Apprendre par coeur ? A l'heure où la mémoire se compte en gigas ! […]
S'immerger dans la langue, tout est là.
Boire la tasse et en redemander. […]
Votre fils, chère madame, n'en finira jamais d'être un enfant de la langue, et vous-même un tout petit bébé, et moi un marmot ridicule, et tous autant que nous sommes menu fretin charrié par le grand fleuve jailli de la source orale des Lettres, et votre fils aimera savoir en quelle langue il nage, ce qui le porte, le désaltère et le nourrit, et se faire lui-même porteur de cette beauté, et avec quelle fierté !, il va adorer ça, faites-lui confiance, le goût de ces mots dans sa bouche, les fusées éclairantes de ces pensées dans sa tête, et découvrir les capacités prodigieuses de sa mémoire, son infinie souplesse, cette caisse de résonance, ce volume inouï où faire chanter les plus belles phrases, sonner les idées les plus claires, il va en raffoler de cette natation sublinguistique lorsqu'il aura découvert la grotte insatiable de sa mémoire, il adorera plonger dans la langue, y pêcher les textes en profondeur, et tout au long de sa vie les savoir là, constitutifs de son être, pouvoir se les réciter à l'improviste, se les dire à lui-même pour la saveur des mots.
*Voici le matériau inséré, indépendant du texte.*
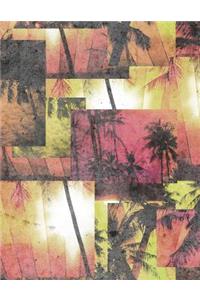 Tropical Palm Tree Notebook Composition Book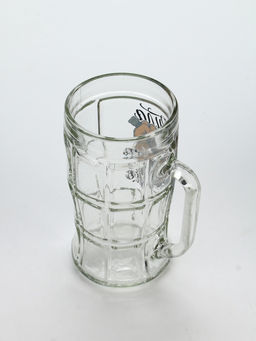 Кружка пивная стеклянная «Сила, честь», 500 мл, 18+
Porteur d'une tradition écrite grâce à lui redevenue orale, il ira peut-être même jusqu'à les dire à quelqu'un d'autre, pour le partage, pour les jeux de la séduction, ou pour faire le cuistre, c'est un risque à courir. Ce faisant, il renouera avec ces temps d'avant l'écriture où la survie de la pensée dépendait de notre seule voix. Si vous me parlez régression, je vous répondrai retrouvailles ! Le savoir est d'abord charnel. Ce sont nos oreilles et nos yeux qui le captent, notre bouche qui le transmet. Certes, il nous vient des livres, mais les livres sortent de nous. Ça fait du bruit, une pensée, et le goût de lire est un héritage du besoin de dire.